Abstract Preeclampsia is a pregnancy specific disorder, leading to maternal and infant morbidity and mortality. Abnormal placentation has been reported in preeclampsia. Nutrients like vitamin D and long chain polyunsaturated fatty acids (LCPUFA) are known to play a role in placental development. In an animal model we have previously demonstrated that maternal vitamin D deficiency increases the thromboxane/prostacyclin ratio and contributes to inflammation and vasoconstriction. We hypothesize that maternal vitamin D status influences placental LCPUFA metabolism through alterations in one carbon metabolism in women with preeclampsia. To test this hypothesis we recruited 69 normotensive control (NC) women and 50 women with preeclampsia. Women with preeclampsia had lower placental protein and mRNA levels of cystathionine-β-synthase (CBS), higher plasma malondialdehyde (MDA) levels and higher levels of arachidonic acid (AA) and total omega-6 fatty acids in the placenta.
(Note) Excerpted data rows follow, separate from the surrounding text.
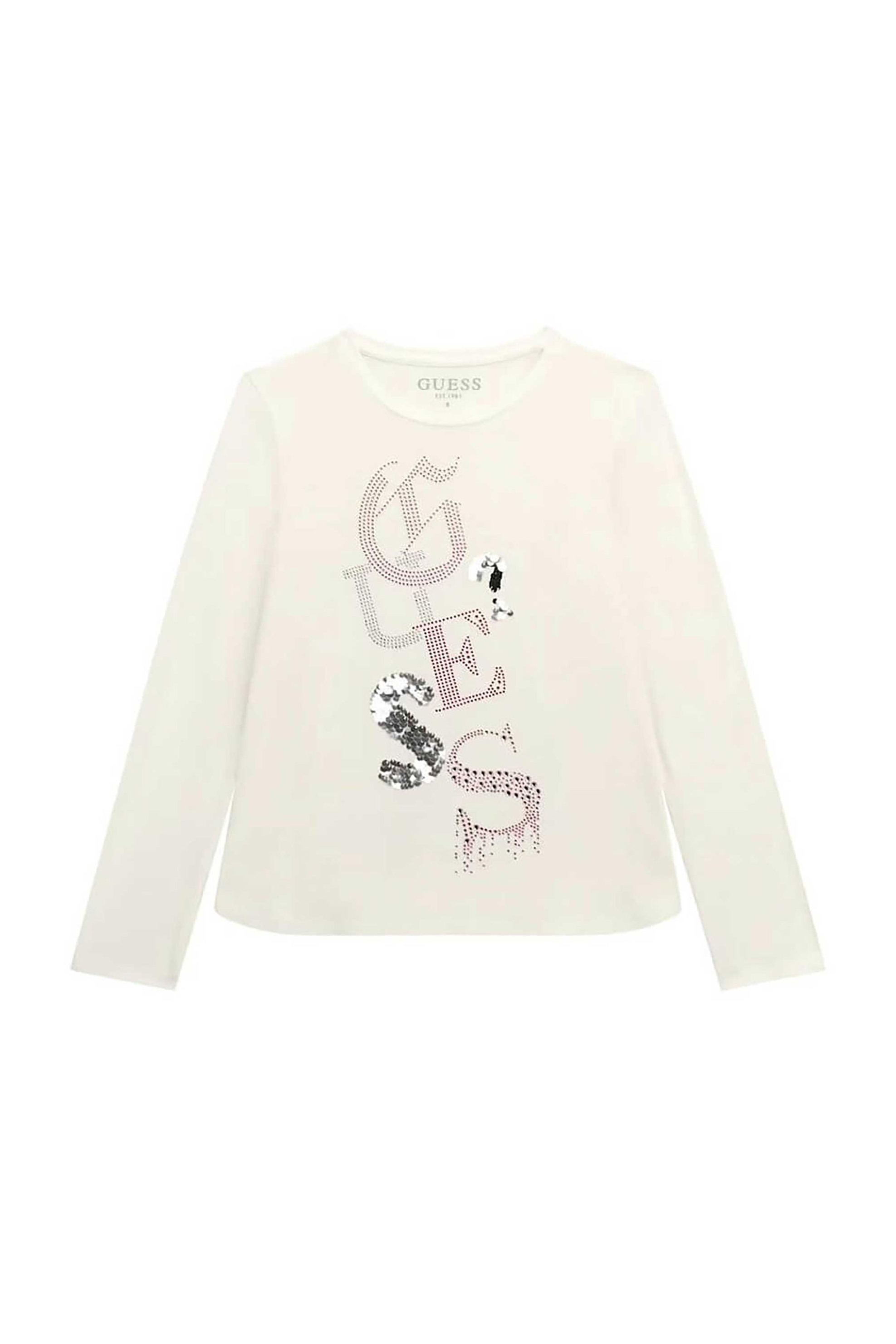 Guess παιδική μπλούζα με παγιέτα - J5YI14KAPO0 Λευκό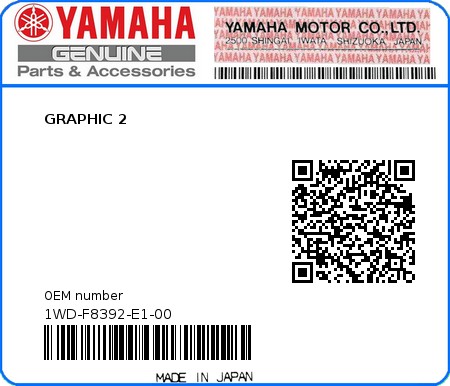 Product image: Yamaha - 1WD-F8392-E1-00 - GRAPHIC 2  0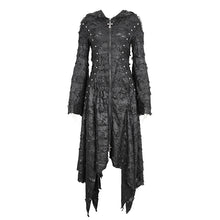 Load image into Gallery viewer, CT225 Dark tattered hooded knitted women's jacket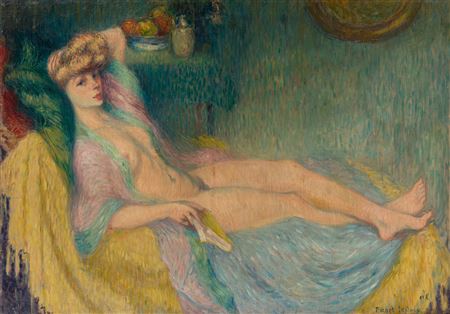 Charles Alexandre Picart le Doux : Misia [SERT], nude with yellow and blue shawl - 1908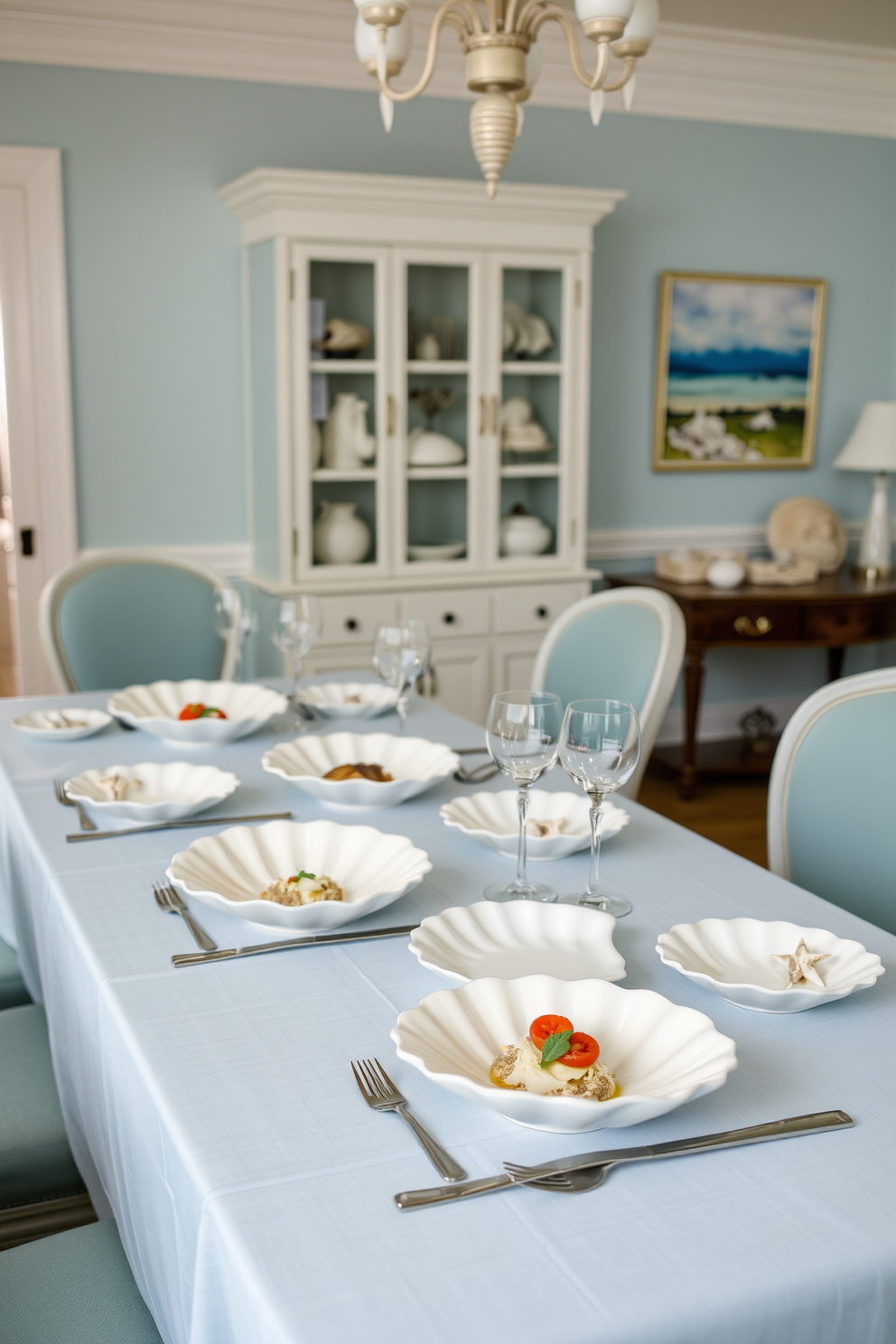 A coastal dining room featuring elegant shell-shaped dishes for serving food. The table is set with a light blue tablecloth and adorned with seashell accents, creating a relaxed yet sophisticated atmosphere.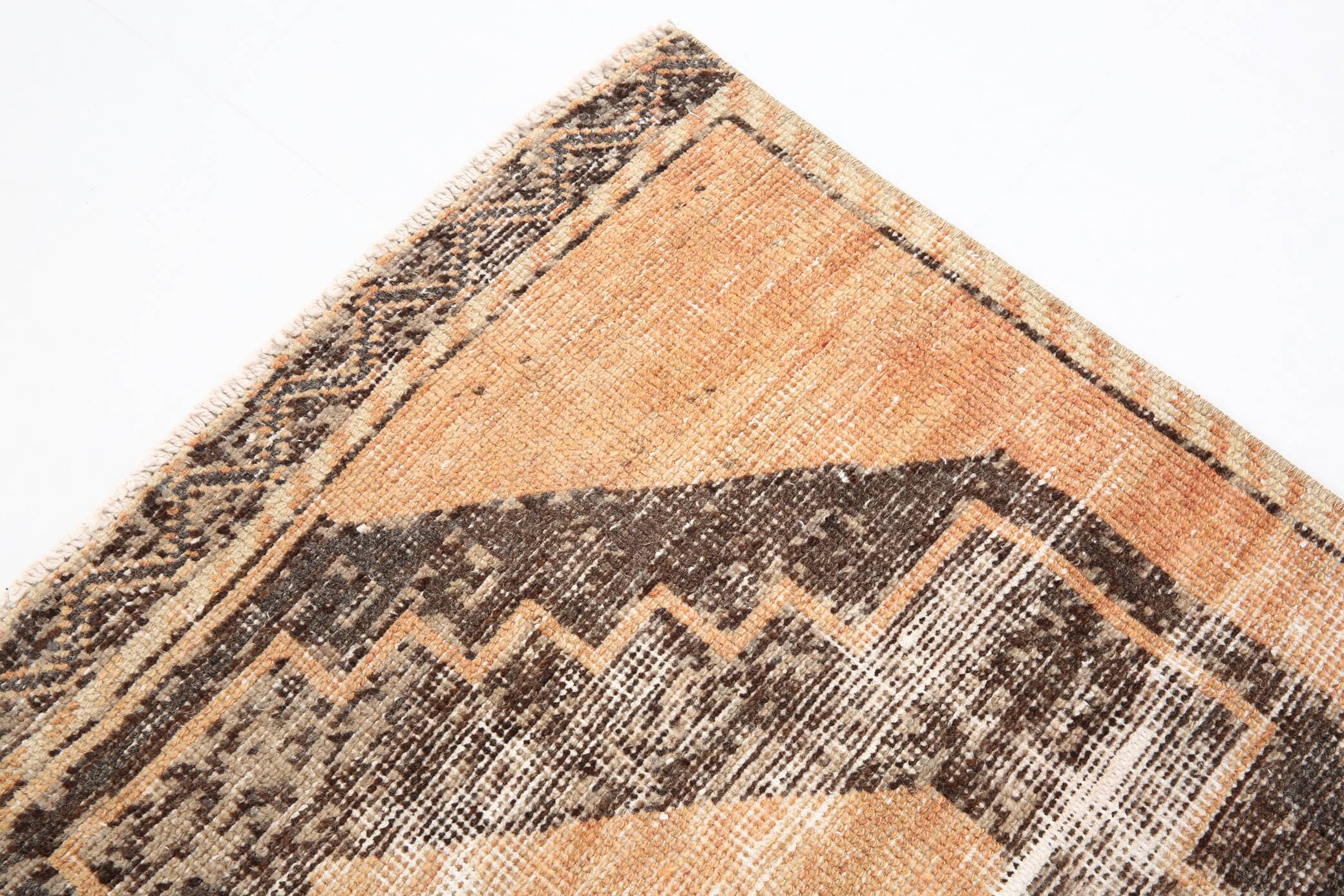 3x11 Rug For Hallway Brown Vintage Persian Runner Rug, 94x345Cm SK 5284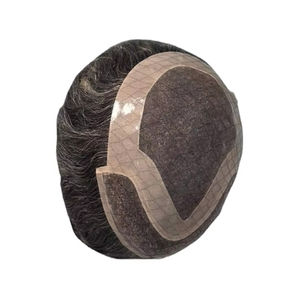 Perruque Taz Hair BD en cheveux humains, ondulée, prothèse, 100% cheveux chinois Remy, toupet à dentelle frontale avec base mono - Product Image 2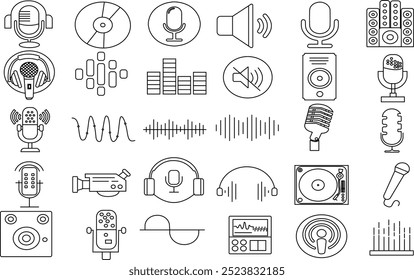 Podcast Microphone icon set for logo and T-Shirt. Thin line art editable stroke.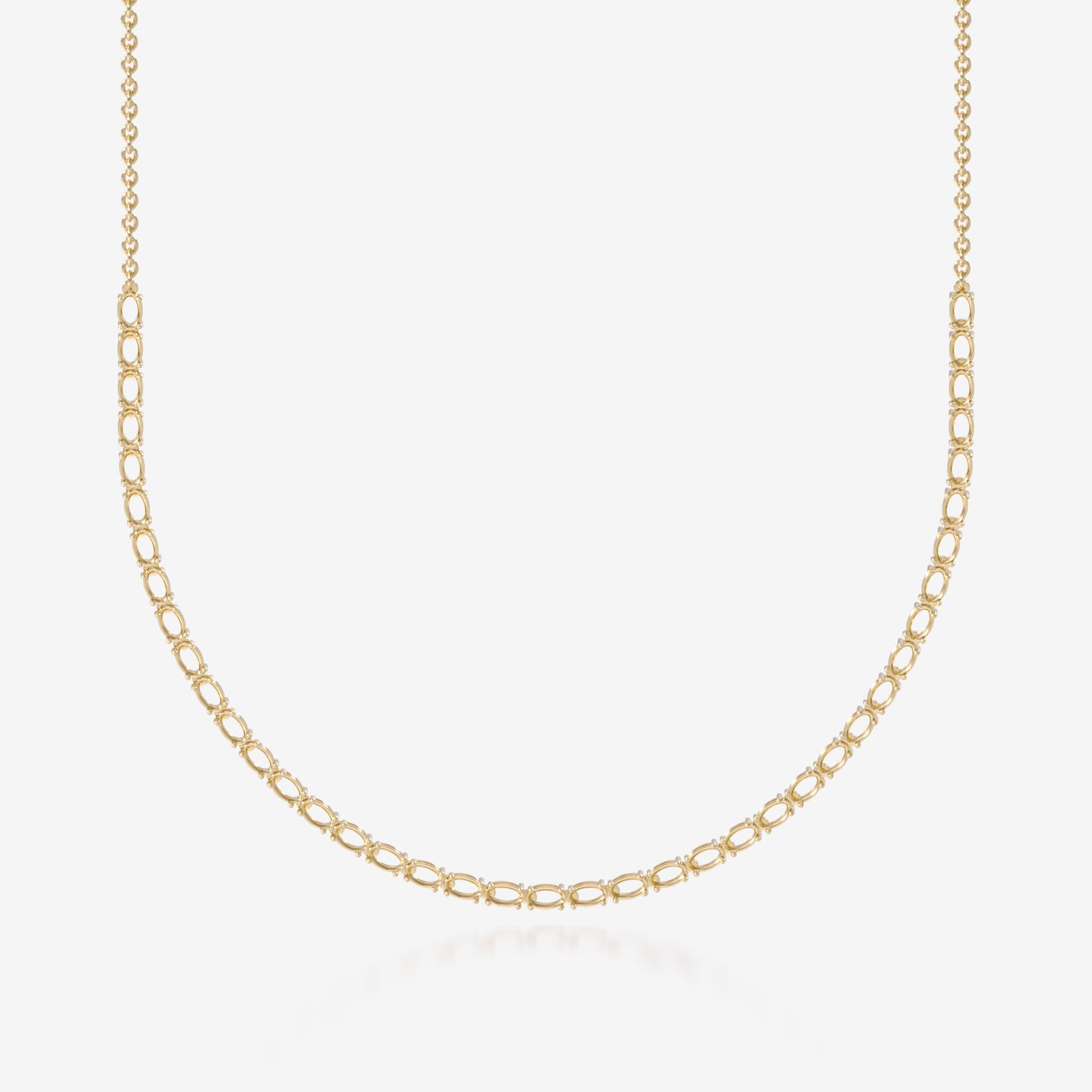 14K Oval Tennis Necklace
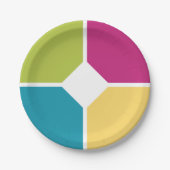 Stilvolle SOMMERFARBEN Quadranten Optionales Monog Pappteller (Vorderseite)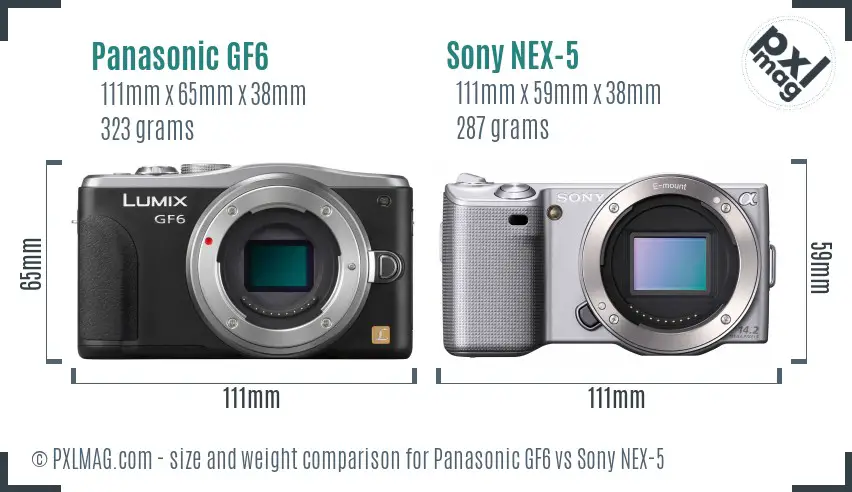 Panasonic GF6 vs Sony NEX-5 size comparison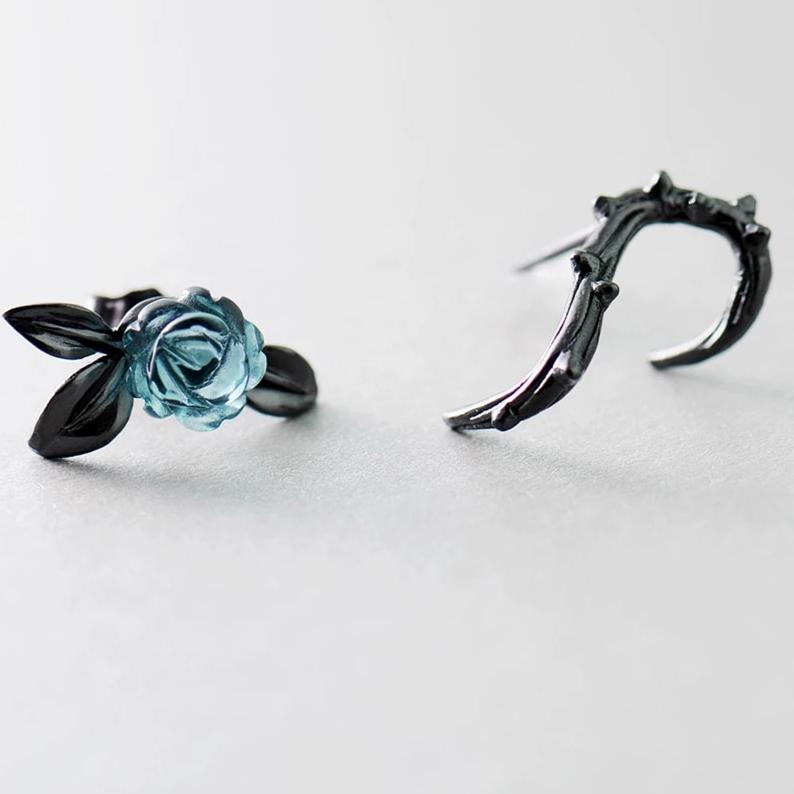 Thorn Blue Crystal Rose Design Black Stud Earrings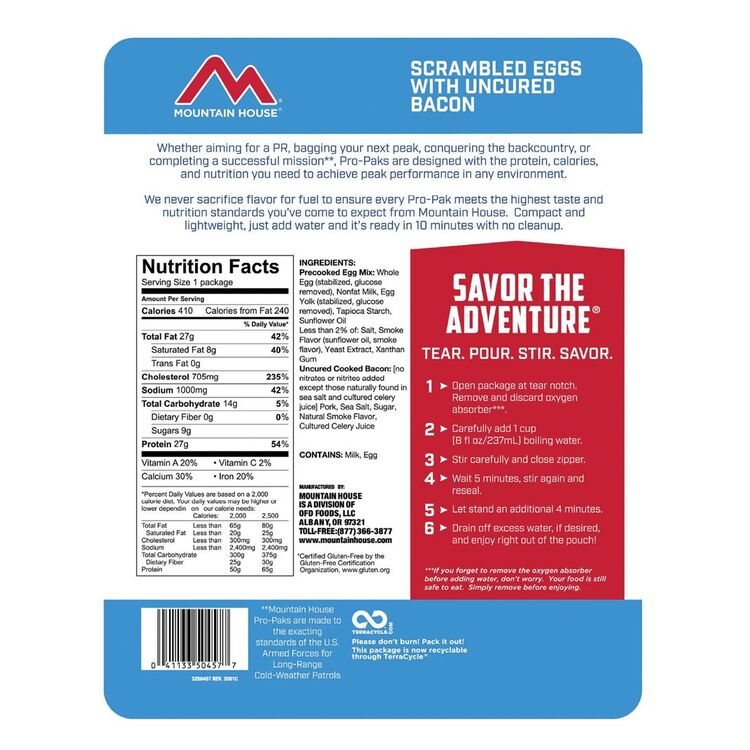 Mountain House Scrambled Eggs With Bacon Pro-Pak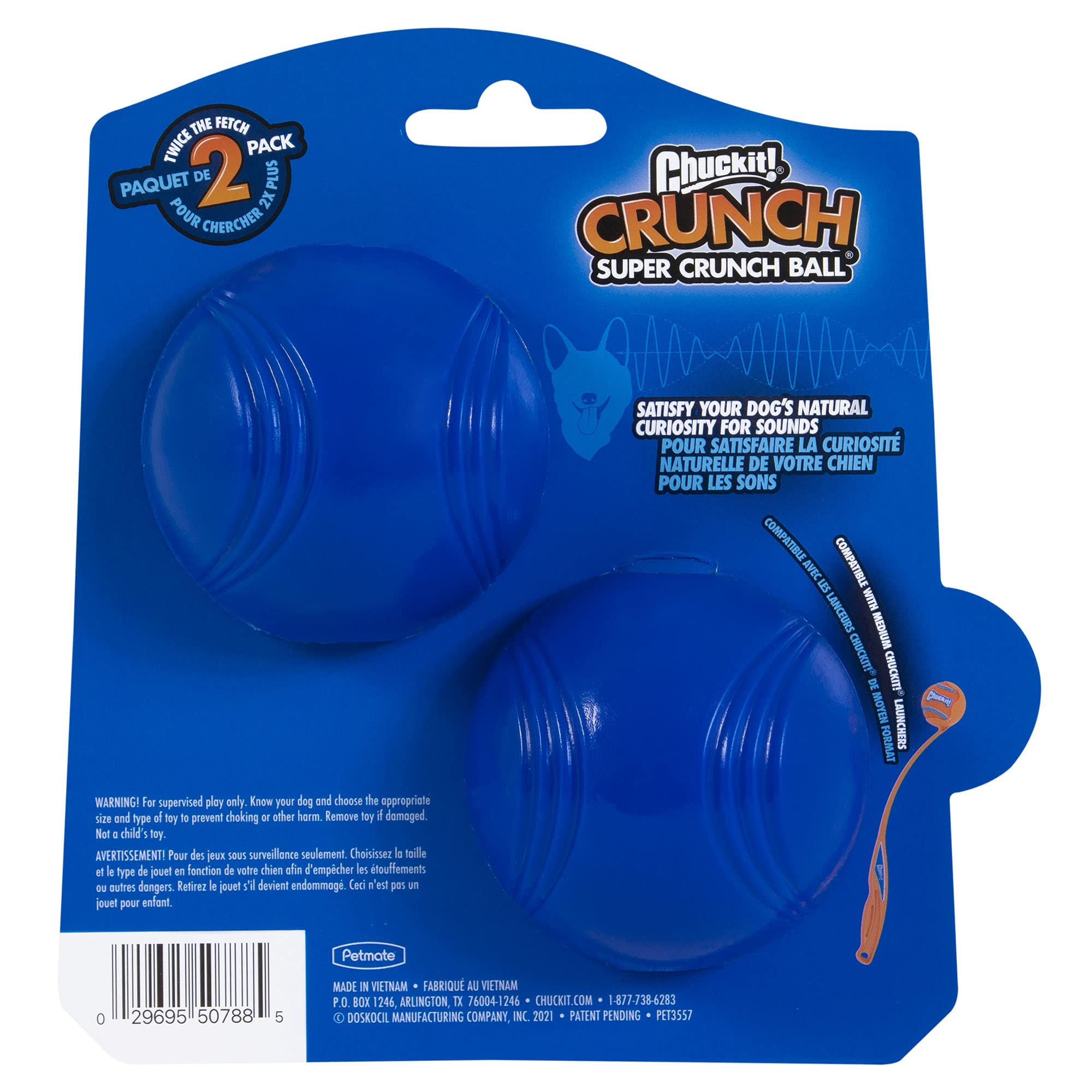 Chuckit! Crunch Ball Dog Toy - Interactive Fetch Toy | Medium Size | 2 Pack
Women with preeclampsia also demonstrated higher placental mRNA levels of cyclooxygenase-2 (COX-2) as compared to NC women. Maternal 25(OH)D levels were negatively associated with maternal plasma MDA levels. Placental vitamin D receptor (VDR) levels were positively associated with CBS while maternal MDA levels were positively associated with serum levels of thromboxane-B2 (TXB2) levels. Our findings indicate that vitamin D deficiency increases oxidative stress through alterations in one carbon metabolism to influence proinflammatory omega-6 metabolic pathway in the placenta. This study demonstrates a possible mechanism through which vitamin D deficiency can result in an imbalance in the long chain polyunsaturated fatty acid (LCPUFA) metabolites and contribute to placental inflammation and endothelial dysfunction in preeclampsia.